37 F.4th 859
2d Cir.2022Background:
- Brian and Gliee Gunsalus owned a home free of mortgage but fell behind $1,290 in real property taxes. New York’s RPTL Article 11 strict-foreclosure process was used.
- Ontario County obtained a foreclosure judgment transferring title to the County; the County later sold the house at auction for $22,000 and retained the $20,710 surplus.
- The Gunsaluses filed Chapter 13, proposed a plan to pay the delinquent taxes (plus interest) over time, and claimed the federal homestead exemption.
- They sued in Bankruptcy Court to avoid the transfer as a fraudulent conveyance under 11 U.S.C. § 548(a), arguing they received less than reasonably equivalent value.
- Bankruptcy Court originally dismissed relying on BFP; the district court reversed and remanded; on remand the Bankruptcy Court found the transfer was a fraudulent conveyance. Ontario County appealed to the Second Circuit.
Issues:
| Issue | Plaintiff's Argument | Defendant's Argument | Held |
|---|---|---|---|
| Standing to bring avoidance action under §522(h) despite §522(c)(2)(B) | Gunsaluses: §522(c)(2)(B) only preserves tax lien on exempted property; it does not bar a debtor from avoiding a transfer of title and thus they have standing. | County: §522(c)(2)(B) prevents exempted property from escaping tax liability and thus deprives debtor of standing to avoid the transfer. | Held: Gunsaluses have standing; §522(c)(2)(B) does not bar their avoidance claim because they seek to avoid transfer while remaining liable for the tax lien under their Chapter 13 plan. |
| Whether BFP presumption (foreclosure sale price = reasonably equivalent value) applies to RPTL Article 11 strict tax foreclosure | Gunsaluses: Article 11 strict-foreclosure lacks the sale-based protections BFP relied on, so the transfer is not entitled to the BFP presumption and can be avoided as constructively fraudulent. | County: RPTL provides notice, cure opportunity, and judicial oversight, so BFP’s presumption should extend to tax foreclosures conducted under state law. | Held: BFP does not extend to Article 11 strict tax foreclosure; the transfer was not presumptively for reasonably equivalent value and the Bankruptcy Court correctly set aside the transfer. |
Key Cases Cited
- BFP v.

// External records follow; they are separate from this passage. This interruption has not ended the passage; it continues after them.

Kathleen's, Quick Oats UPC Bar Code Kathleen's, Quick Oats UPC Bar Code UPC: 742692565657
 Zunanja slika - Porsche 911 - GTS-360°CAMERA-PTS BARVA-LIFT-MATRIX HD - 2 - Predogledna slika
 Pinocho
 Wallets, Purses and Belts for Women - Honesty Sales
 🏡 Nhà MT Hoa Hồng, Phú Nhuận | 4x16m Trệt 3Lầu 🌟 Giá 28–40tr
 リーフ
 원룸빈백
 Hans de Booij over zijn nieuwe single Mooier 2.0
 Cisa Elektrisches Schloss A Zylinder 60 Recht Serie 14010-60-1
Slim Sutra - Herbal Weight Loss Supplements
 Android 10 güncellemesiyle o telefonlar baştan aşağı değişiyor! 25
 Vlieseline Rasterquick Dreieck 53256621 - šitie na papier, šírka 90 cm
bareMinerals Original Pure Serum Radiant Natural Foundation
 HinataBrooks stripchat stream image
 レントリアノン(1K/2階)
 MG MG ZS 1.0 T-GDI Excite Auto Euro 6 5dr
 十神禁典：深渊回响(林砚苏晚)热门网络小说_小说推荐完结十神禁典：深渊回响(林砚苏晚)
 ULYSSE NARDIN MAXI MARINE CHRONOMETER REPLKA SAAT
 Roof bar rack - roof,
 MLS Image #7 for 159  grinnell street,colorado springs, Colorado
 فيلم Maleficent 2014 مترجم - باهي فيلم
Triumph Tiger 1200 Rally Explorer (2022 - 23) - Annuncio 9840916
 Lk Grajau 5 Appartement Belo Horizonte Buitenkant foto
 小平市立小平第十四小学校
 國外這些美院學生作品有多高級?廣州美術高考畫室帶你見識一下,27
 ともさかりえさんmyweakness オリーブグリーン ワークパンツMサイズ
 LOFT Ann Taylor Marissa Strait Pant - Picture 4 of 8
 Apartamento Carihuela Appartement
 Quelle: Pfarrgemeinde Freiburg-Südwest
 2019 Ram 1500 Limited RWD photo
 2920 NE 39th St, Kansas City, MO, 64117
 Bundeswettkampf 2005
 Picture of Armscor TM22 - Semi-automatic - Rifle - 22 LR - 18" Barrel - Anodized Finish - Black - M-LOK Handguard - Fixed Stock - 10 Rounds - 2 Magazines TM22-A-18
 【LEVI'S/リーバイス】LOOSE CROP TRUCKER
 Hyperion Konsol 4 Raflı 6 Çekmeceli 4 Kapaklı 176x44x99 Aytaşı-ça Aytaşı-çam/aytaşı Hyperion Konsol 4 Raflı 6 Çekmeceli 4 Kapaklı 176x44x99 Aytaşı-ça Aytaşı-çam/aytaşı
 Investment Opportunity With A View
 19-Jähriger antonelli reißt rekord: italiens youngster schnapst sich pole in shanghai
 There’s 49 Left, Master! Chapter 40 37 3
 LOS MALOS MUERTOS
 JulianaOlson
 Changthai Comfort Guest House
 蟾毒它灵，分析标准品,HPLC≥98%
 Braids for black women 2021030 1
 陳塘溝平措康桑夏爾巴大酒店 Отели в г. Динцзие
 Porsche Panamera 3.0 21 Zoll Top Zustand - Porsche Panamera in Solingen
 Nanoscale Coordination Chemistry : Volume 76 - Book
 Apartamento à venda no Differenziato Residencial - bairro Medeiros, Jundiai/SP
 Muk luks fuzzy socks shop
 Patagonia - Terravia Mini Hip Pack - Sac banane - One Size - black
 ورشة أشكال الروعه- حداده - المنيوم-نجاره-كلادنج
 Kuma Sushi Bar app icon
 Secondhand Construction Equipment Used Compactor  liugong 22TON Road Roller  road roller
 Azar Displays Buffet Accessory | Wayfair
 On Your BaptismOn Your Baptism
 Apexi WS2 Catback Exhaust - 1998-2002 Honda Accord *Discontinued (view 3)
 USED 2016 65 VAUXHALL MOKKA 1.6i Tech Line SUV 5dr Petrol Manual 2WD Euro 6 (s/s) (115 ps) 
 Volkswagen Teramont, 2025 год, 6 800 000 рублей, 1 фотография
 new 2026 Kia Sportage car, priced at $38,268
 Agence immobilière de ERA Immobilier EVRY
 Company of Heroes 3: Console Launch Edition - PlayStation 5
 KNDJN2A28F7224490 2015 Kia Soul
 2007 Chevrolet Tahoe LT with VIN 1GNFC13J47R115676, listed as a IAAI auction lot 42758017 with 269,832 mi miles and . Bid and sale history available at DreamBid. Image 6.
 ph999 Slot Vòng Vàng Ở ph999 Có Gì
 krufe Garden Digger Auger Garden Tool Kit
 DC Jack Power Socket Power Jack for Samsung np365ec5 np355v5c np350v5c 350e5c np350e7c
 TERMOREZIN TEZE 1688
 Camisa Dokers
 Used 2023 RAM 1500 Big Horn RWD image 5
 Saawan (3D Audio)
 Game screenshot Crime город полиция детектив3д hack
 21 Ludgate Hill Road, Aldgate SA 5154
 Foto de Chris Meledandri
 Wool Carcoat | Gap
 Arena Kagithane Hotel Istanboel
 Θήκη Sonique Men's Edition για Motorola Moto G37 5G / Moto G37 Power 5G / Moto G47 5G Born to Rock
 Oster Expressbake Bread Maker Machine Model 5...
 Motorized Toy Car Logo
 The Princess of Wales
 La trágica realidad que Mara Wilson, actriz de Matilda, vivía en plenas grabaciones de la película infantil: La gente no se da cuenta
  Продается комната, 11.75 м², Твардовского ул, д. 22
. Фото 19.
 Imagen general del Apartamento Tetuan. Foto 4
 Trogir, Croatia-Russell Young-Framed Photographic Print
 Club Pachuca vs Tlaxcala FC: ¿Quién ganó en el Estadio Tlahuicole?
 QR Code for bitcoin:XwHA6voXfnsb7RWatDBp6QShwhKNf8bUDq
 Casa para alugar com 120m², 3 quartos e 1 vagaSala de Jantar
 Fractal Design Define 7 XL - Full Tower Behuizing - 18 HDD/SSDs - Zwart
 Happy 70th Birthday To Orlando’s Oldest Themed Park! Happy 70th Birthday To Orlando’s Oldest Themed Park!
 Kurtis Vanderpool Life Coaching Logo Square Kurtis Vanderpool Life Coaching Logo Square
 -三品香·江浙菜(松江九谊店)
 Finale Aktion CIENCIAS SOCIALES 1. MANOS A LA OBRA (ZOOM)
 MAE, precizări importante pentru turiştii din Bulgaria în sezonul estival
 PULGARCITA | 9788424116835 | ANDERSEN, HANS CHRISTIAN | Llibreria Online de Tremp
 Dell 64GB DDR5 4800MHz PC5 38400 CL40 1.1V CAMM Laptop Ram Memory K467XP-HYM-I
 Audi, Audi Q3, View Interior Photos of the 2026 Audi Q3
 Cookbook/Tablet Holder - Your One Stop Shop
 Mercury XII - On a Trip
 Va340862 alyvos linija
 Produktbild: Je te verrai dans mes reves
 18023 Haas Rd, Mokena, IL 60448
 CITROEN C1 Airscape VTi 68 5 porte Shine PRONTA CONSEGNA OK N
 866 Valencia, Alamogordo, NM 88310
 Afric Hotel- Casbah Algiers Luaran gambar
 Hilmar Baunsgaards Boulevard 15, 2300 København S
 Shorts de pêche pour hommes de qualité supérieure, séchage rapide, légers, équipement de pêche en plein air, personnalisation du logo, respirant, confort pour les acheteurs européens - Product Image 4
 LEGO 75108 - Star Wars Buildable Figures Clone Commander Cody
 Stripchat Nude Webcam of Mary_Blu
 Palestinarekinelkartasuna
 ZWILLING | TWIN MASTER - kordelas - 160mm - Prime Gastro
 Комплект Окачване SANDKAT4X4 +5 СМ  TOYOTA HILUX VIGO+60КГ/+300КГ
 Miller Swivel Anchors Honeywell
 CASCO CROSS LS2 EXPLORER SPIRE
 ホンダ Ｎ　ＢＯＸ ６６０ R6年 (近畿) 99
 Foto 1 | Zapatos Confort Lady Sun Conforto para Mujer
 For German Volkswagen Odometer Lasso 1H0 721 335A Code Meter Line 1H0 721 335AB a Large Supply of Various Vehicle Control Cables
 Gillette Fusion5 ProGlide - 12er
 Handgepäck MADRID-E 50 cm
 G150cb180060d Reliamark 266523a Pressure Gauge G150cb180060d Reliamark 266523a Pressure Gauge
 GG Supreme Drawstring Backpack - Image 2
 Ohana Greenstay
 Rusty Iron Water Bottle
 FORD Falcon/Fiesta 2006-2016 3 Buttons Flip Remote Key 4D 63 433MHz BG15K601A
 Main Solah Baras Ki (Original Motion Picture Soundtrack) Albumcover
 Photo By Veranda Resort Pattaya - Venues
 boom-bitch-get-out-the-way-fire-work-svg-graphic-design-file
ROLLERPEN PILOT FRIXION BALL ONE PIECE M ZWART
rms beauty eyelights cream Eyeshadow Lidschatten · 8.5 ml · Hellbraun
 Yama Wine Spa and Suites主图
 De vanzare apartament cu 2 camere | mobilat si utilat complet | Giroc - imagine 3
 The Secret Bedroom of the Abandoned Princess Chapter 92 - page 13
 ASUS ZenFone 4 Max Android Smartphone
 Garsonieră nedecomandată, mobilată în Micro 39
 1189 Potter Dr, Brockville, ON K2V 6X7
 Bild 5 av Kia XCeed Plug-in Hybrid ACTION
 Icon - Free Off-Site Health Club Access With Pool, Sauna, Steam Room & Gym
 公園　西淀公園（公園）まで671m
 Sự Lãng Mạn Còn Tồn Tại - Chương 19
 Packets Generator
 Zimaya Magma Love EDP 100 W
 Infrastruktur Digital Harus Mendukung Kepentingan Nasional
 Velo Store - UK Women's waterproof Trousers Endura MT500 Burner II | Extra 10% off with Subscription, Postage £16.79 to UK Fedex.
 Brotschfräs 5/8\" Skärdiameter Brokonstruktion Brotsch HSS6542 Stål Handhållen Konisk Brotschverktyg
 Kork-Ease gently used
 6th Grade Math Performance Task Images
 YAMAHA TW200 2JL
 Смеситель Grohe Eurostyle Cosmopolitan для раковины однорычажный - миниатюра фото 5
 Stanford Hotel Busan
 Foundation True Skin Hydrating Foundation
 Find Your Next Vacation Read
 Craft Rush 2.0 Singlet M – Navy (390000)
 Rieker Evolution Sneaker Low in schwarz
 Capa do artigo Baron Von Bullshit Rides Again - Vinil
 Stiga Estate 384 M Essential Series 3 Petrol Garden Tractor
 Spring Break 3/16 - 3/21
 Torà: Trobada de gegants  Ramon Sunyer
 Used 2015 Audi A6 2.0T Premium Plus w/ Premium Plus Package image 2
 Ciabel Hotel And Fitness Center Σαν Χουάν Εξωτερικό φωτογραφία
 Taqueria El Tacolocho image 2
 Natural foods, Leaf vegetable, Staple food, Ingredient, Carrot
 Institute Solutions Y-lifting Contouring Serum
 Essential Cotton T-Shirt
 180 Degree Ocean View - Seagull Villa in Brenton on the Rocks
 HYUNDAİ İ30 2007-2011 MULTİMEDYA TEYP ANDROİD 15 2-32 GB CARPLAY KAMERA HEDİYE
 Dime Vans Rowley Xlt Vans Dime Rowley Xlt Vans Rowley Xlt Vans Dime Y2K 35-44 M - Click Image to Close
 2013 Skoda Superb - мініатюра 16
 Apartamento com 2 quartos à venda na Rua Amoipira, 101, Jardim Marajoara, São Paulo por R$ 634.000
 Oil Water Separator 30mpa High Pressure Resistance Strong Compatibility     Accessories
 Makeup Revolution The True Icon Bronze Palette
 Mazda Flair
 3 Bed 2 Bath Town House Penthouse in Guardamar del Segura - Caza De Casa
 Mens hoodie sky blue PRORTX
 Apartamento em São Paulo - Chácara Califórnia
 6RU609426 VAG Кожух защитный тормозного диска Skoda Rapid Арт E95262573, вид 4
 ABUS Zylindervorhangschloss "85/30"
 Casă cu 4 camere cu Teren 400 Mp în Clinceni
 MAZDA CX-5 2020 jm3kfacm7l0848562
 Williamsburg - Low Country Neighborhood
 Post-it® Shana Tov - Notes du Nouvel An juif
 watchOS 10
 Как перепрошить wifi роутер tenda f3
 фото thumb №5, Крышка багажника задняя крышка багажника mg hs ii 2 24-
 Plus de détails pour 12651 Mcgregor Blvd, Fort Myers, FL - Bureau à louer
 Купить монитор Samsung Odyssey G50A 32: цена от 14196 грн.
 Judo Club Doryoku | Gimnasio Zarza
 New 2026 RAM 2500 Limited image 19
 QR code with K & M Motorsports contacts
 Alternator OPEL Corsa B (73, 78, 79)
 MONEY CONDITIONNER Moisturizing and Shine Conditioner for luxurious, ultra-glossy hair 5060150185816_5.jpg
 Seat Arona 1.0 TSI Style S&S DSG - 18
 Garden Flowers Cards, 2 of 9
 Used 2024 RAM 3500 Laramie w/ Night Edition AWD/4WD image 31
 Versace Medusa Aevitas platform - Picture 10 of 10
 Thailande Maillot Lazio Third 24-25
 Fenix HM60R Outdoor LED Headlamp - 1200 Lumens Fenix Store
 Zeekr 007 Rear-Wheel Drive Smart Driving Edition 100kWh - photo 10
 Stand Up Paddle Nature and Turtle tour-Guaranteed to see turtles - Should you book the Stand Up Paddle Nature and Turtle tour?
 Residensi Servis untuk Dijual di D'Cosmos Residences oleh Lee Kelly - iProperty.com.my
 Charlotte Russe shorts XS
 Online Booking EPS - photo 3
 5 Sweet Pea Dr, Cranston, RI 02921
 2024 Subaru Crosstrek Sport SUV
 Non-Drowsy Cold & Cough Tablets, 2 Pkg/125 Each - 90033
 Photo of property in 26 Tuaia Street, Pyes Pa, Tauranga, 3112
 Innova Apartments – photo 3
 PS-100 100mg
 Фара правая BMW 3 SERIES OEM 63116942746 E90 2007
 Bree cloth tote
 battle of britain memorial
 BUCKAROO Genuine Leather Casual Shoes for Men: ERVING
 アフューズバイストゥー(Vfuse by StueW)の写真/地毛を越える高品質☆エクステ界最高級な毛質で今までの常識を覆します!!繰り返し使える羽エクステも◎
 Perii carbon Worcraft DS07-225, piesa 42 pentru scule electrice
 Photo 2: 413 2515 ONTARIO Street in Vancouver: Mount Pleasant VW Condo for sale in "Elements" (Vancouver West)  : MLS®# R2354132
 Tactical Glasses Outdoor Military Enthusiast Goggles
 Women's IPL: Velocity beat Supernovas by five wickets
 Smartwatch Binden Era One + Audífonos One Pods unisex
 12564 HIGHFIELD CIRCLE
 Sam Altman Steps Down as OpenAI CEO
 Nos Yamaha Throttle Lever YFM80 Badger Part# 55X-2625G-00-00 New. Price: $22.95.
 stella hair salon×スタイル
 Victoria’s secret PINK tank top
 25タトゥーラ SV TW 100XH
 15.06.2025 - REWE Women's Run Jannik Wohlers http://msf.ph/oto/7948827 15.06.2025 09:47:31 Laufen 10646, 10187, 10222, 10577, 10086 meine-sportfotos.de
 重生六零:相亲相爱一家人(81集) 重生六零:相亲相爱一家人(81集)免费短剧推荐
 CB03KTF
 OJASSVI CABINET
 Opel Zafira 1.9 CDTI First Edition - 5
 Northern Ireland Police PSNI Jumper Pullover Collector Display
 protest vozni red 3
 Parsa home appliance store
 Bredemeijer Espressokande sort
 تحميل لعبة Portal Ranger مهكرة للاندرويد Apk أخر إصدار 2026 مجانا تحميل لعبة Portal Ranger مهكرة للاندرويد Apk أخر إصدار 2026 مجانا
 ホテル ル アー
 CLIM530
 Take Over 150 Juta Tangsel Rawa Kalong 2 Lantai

Resolution Trust Corp., 511 U.S. 531 (1994) (foreclosure-by-sale price conducted in conformity with state law is conclusively presumed to be reasonably equivalent value under § 548(a)).
- In re Smith, 811 F.3d 228 (7th Cir. 2016) (tax-foreclosure regimes must compare favorably to mortgage-foreclosure protections in BFP to receive the presumption).
- In re Hackler & Stelzel, 938 F.3d 473 (3d Cir. 2019) (same principle applying BFP distinctions to tax foreclosures).
- In re Harris, 464 F.3d 263 (2d Cir. 2006) (strong presumption against allowing secured creditor to take more than its interest under bankruptcy avoidance principles).
- Bank Brussels Lambert v. Coan (In re AROChem Corp.), 176 F.3d 610 (2d Cir. 1999) (review of legal issues de novo).